Twelve years since we fell in love; eight since our wedding. I don't always get sentimental over anniversaries, but I did this year, looking back over our ups and downs. I'm so proud of us for coming through it together.

Tonight we went for our first proper walk of the season, perhaps three miles meandering across Central Park amid daffodils and budding trees (we sometimes get cherry blossoms for our anniversary, but this year the trees are still timid after a long hard winter) and then down through Midtown. We discussed our various proposed cures for the gentrification problem--he wants to prioritize fixing income inequality and stagflation while I want to prioritize bringing down housing prices, though of course those are two sides of the same coin--while mocking the awful haute couture window displays on Madison Avenue.
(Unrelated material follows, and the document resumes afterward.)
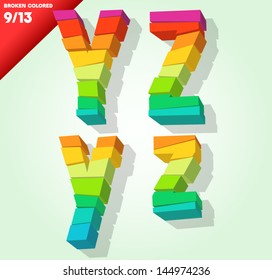 Broken colorful alphabet. Vector illustration Symbols y z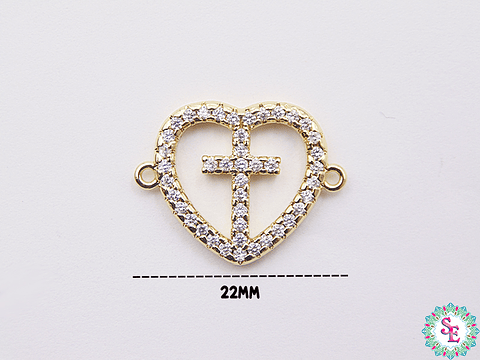 RODIO DORADO CENTRO CORAZÓN CRUZ CIRCÓN BLANCO 22MM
Eventually we ended up at Matisse, a little faux-French bistro that Yelp thoughtfully picked out for us, and had a very nice non-poisonous dinner of Moroccan lamb (in honor of the Moroccan restaurant where we had our wedding) and branzino to an improbable soundtrack of disco and R&B. We zoned out together on the train home and bustled a bit when we got in; my need to burn off energy grated against X's need for quiet alone-time, but J patiently waited while we sorted it out, and then J and I cuddled and made out and cuddled some more until he had to reluctantly admit that it was well past his bedtime. It was a very us anniversary, through and through.

"Let's keep doing this thing," I said at some point as we snuggled in my bed.

"I'm good with that," he said.

"Hooray!" I said. "We renewed our vows!"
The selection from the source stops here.